The legends of immeasurable wealth located in golden cities (such as El Dorado) enticed many Spanish adventurers to leave for the Americas. Oftentimes they came back empty-handed; however, those who did manage to bring precious metals back to Spain propagated the impression of seemingly endless sources of gold and silver in the New World. Over time the Spanish monarchs, relying too heavily on these imports and engaging the country in extensive foreign wars, overstretched the Crown's budget to the point of bankruptcy. This undermined the Spanish and European economies and led to rampant inflation in Spain.
Native American populations suffered greatly at the hands of the conquistadors. Wanton killings, enslavement, rape, torture, and other abuses perpetuated the stereotype of Spanish cruelty that came to be known as the Black Legend. This term referred to the infamous Spanish Inquisition and later to the behavior of the Spanish conquistadors in the colonies. Early Protestant historians, describing the period of Spanish colonization, often depicted the Spanish conquistadors as being fanatical, cruel, intolerant, and greedy, in the process perpetuating the Black Legend.
Accounts of the mistreatment of the natives by the conquistadors contributed to the passage of the Spanish colonial laws, known as the New Laws, in 1542. They were designed to protect the rights of Native Americans and to prevent the exploitation of indigenous peoples by the conquistadors. The enslavement of the natives in the New World colonies came under further scrutiny in the Valladolid Debate of 1550–1551. This debate sought to determine whether Native Americans had souls, as white Europeans were believed to possess. Bartolomé de Las Casas, a Dominican friar, argued that the full humanity of the natives was evident because they indeed did possess souls. The Jesuit priest Juan Gines de Sepulveda, however, maintained that the indigenous peoples in the New World did not have souls and therefore could be enslaved. King Charles I of Spain (r. 1516–1556; Holy Roman Emperor Charles V during 1519–1558), when confronted with this debate, ordered an end to the aggression against the natives and also ordered a jury of eminent scholars to hold a hearing on the subject. The jury ruled in favor of treating the natives as human beings, who were presumed to have immortal souls. This ruling did little to change Spanish colonial policy, however, as most conquistadors ignored or circumvented the royal edicts, which were virtually unenforceable at such a distance from Spain.
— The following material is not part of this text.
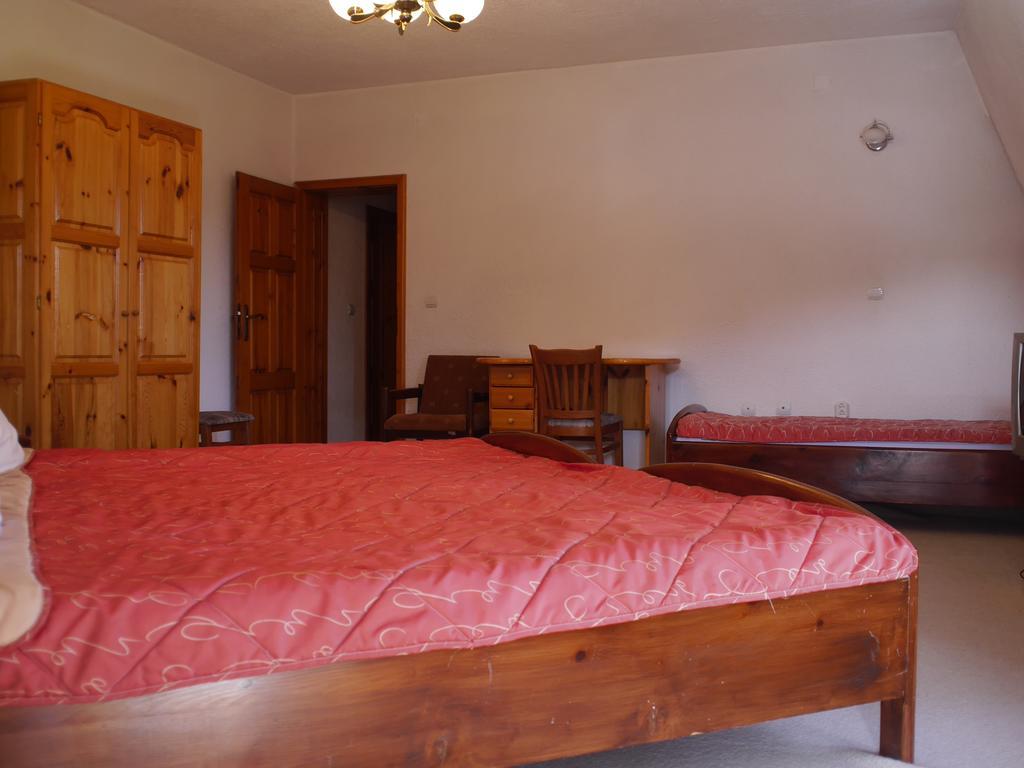 Family Hotel Silver Smolyan Eksteriør bilde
Before attacking native populations, the conquistadors would often read to them a document known as the Requirement. The document provided an overview of world history, with the focus on Christianity as propagated by the Catholic Church, and demanded that the indigenous peoples accept the king of Spain as their supreme ruler on behalf of the pope and allow missionaries to introduce them to the Christian Gospel. This document came into being after the Catholic Church in Spain had asserted that the wars against Native American peoples were unjust and immoral. In contrast to the Moors, who were Muslims and rejected Christ as the Messiah, the indigenous people in the colonies had never come into contact with Christianity. For the conquistadors, the Requirement served as a loophole to put the native populations in a position in which they would reject Christianity and could therefore be attacked without facing the wrath of the Catholic Church or the king.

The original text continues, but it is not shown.